政府が青年・女性就職連係強化対策を発表した。就職を希望する青年と経歴が中断した女性など6万人が職場を見つけられるよう支援を強化するということだ。特に中小企業への就職および長期勤続を誘導するための対策を提示したのが目を引く。青年が中小企業のインターンを経て正規職で2年勤続すれば最大1200万ウォン(約120万円)を貯めることができるよう政府が資金を支援する制度の導入が代表的な例だ。これとともに17カ所の創造経済革新センターに参加する大企業16社と求職青年を結びつける青年採用の日、政府の雇用情報網のワークネットを通じた雇用情報提供、就職および創業先導大学の育成なども推進するという。
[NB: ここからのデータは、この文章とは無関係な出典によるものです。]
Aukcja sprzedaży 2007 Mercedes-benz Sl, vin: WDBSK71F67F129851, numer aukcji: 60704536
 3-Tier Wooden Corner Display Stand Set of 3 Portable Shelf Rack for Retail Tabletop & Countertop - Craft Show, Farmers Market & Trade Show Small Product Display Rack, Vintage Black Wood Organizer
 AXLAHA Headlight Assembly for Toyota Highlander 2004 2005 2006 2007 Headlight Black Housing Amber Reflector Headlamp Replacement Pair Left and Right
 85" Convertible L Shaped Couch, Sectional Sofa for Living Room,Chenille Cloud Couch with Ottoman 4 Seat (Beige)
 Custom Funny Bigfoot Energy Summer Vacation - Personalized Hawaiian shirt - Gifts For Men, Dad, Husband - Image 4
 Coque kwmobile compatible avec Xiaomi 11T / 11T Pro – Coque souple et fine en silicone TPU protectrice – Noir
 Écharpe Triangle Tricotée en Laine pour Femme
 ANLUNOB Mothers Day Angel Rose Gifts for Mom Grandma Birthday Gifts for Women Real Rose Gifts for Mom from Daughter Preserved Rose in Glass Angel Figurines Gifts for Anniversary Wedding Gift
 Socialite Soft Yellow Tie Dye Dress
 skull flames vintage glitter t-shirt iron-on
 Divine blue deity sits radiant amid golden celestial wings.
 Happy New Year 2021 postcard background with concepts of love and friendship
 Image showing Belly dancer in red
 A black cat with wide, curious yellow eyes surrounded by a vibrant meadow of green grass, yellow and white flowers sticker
青年失業率は先月11.8%まで上がった。政府の悩みは深まるしかない。今回、青年の中小企業就職支援を強化しようという趣旨は十分に理解できる。大企業と中小企業の雇用ミスマッチが深刻だ。しかも雇用立法が封鎖された状況であり、特に方法がない。

しかし今回の対策も実感できるものがない。青年は大企業や金融機関など良質の職場を望むが、この点にはいかなる言及もしていない。今回まで朴槿恵(パク・クネ)政権に入って6回目の青年雇用対策だ。対策は次々と出てくるが、事情は良くなっていない。本質とはかけ離れているからだ。こういう対策が青年失業の解消に役立つのか分からないという指摘もある。

雇用市場は冷え込んでいる。経営者総協会が全国の職員100人以上の336社の今年の予想新規採用規模を調査した結果、昨年より4.4%少ないという。減少率は昨年(3.6%)より大きい。しかも大卒者新規採用は5.8%減少すると予想され、高卒者(-3.2%)を上回る。「雇用の崖」の中で国会が突然定年を60歳に延長した影響が大きい。

核心は良質の職場だ。政府がお金を出すから中小企業に就職しろというのは対策にならない。結局、企業の投資がカギとなる。巨大野党が主張するように青年雇用を義務づけるのではなく、投資が増えてこそ雇用が発生する。仕事があってこそ雇用が生じるということだ。